Give back all of the data exactly, with every picture omitted.

[[ SUPPLIED MATERIAL, beginning ]]

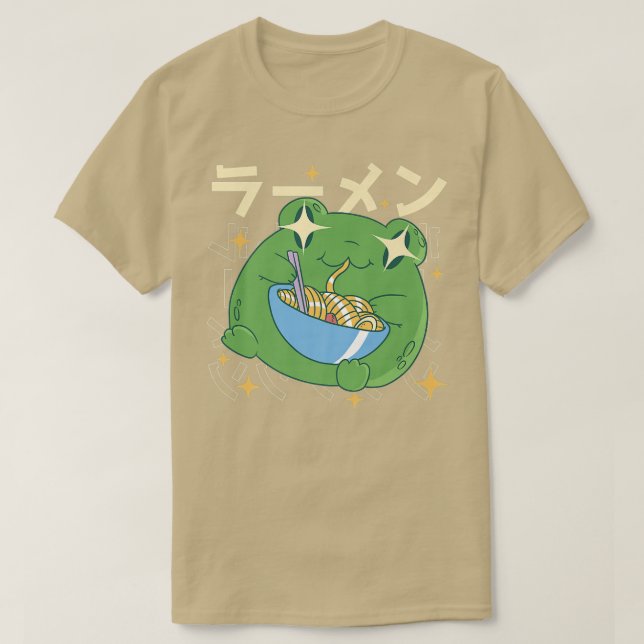 Retro Ramen Frog - Otaku Anime Manga 2762 T-Shirt (Design vorne)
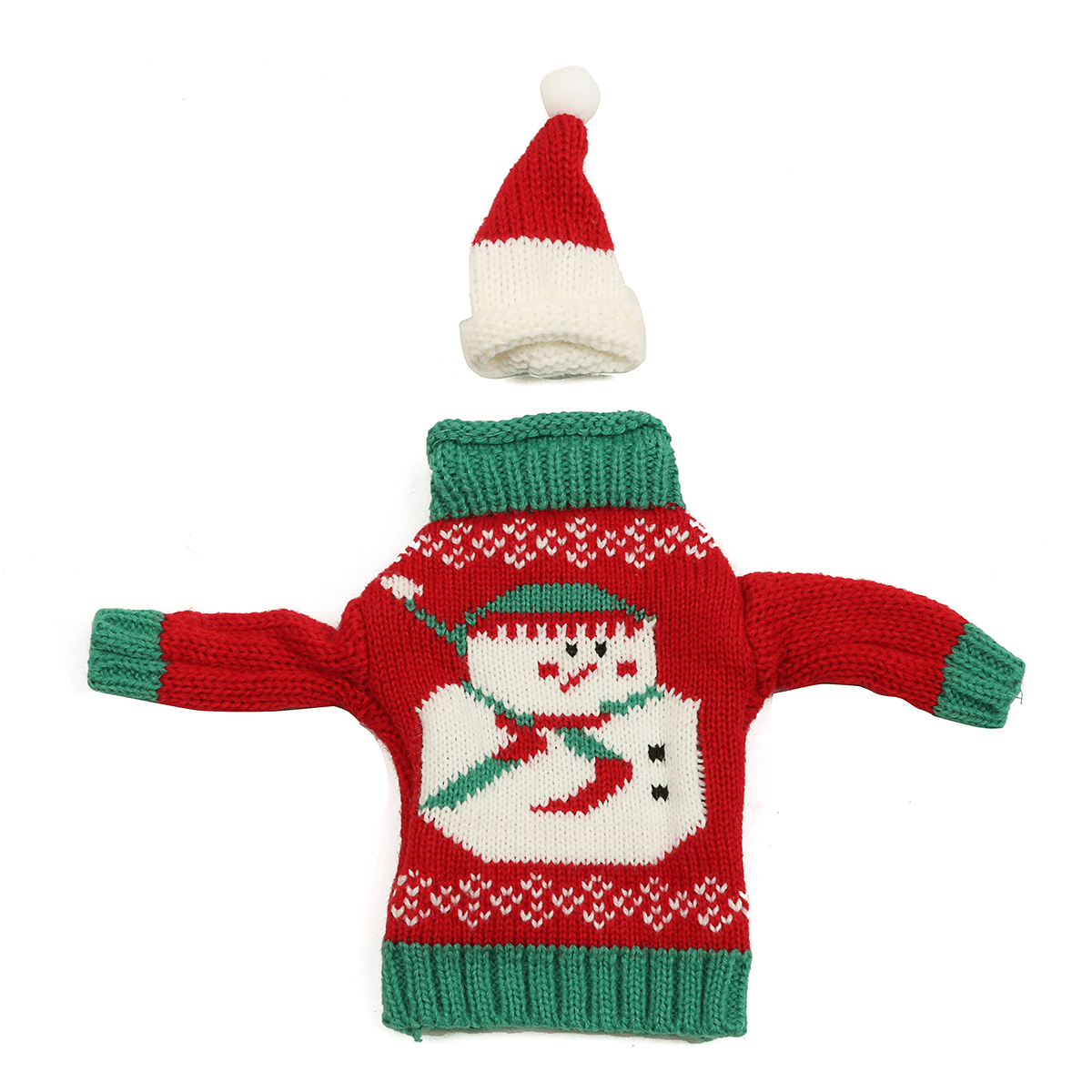 Christmas Knitted Sweater Lid Hat Wine Bottle Cover Wrap Bag Xmas Decoration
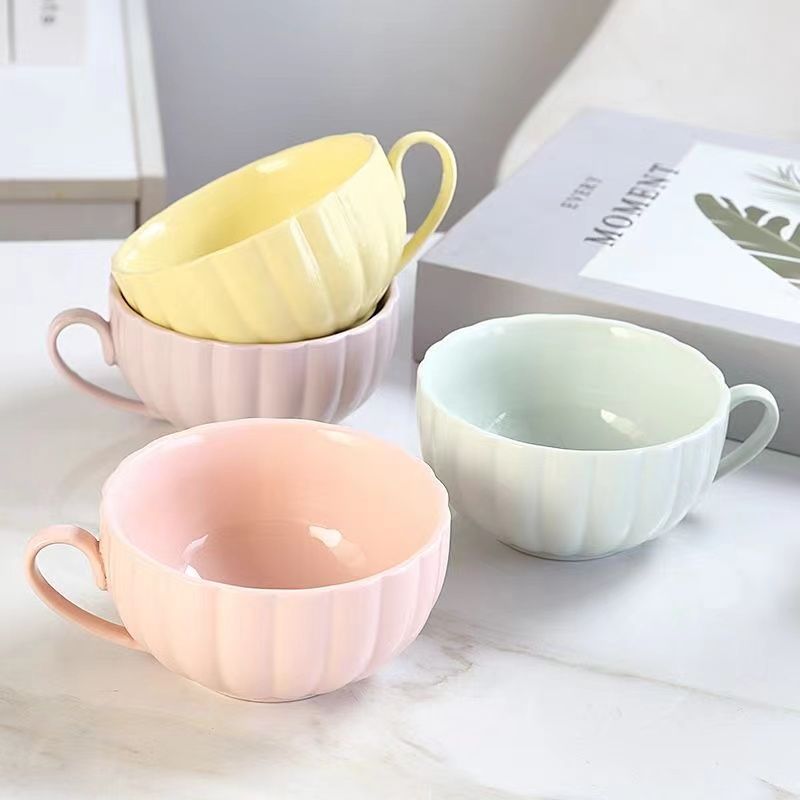 Taza de café de calabaza creativa para colgar en la oreja, nuevo juego de Taza y plato de cerámica, diseño pequeño Sense Home Fairy Taza y plato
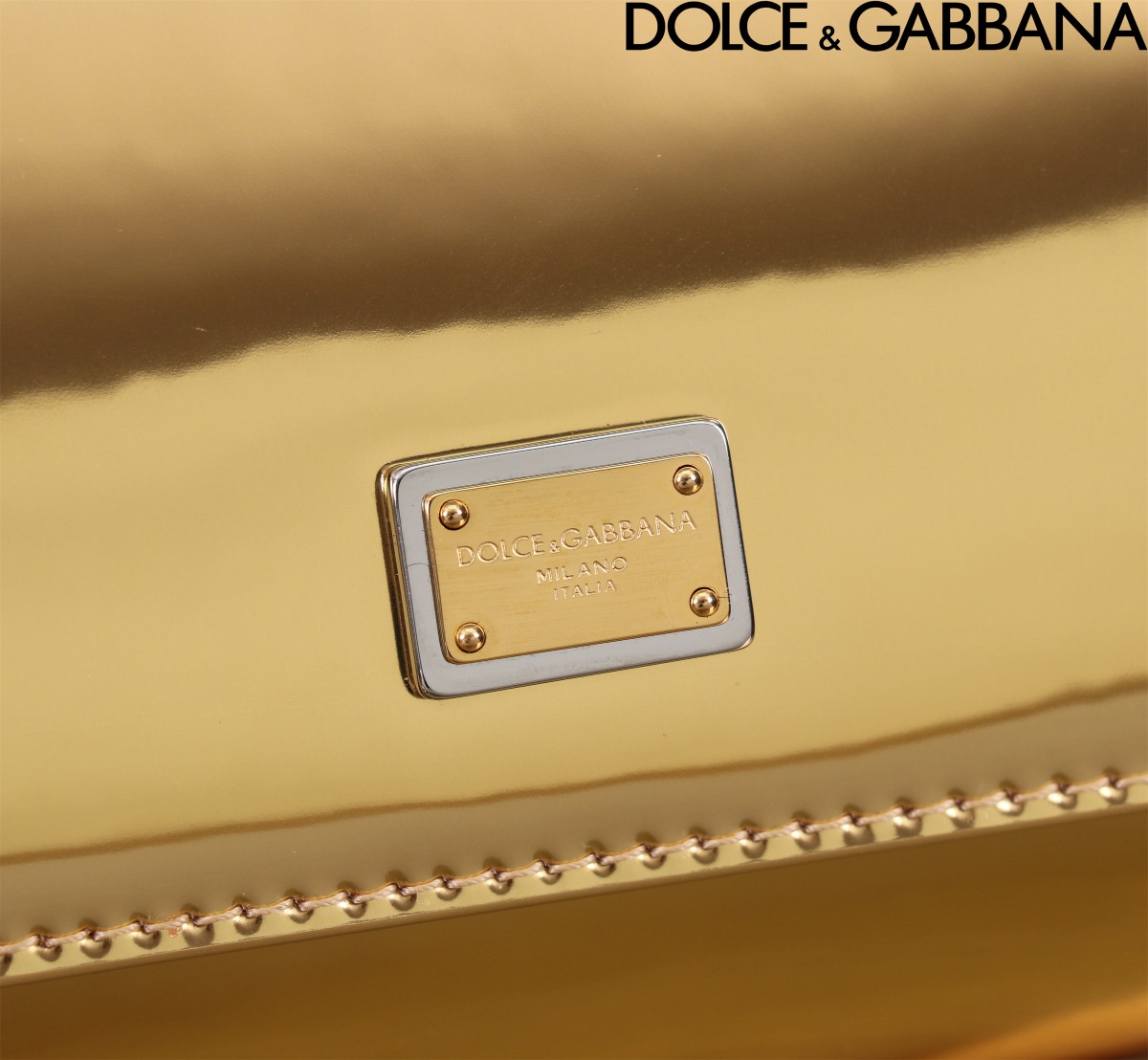 [TOP] Dolce & Gabbana D&G Polished Calfskin Sicily Bag Small 19x13x6/20x16x8cm - Gold / Silver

[[ SUPPLIED MATERIAL, end ]]

REPLY TO THE EXERCISE:
 Retro Ramen Frog - Otaku Anime Manga 2762 T-Shirt (Design vorne)
 Christmas Knitted Sweater Lid Hat Wine Bottle Cover Wrap Bag Xmas Decoration
 Taza de café de calabaza creativa para colgar en la oreja, nuevo juego de Taza y plato de cerámica, diseño pequeño Sense Home Fairy Taza y plato
 [TOP] Dolce & Gabbana D&G Polished Calfskin Sicily Bag Small 19x13x6/20x16x8cm - Gold / Silver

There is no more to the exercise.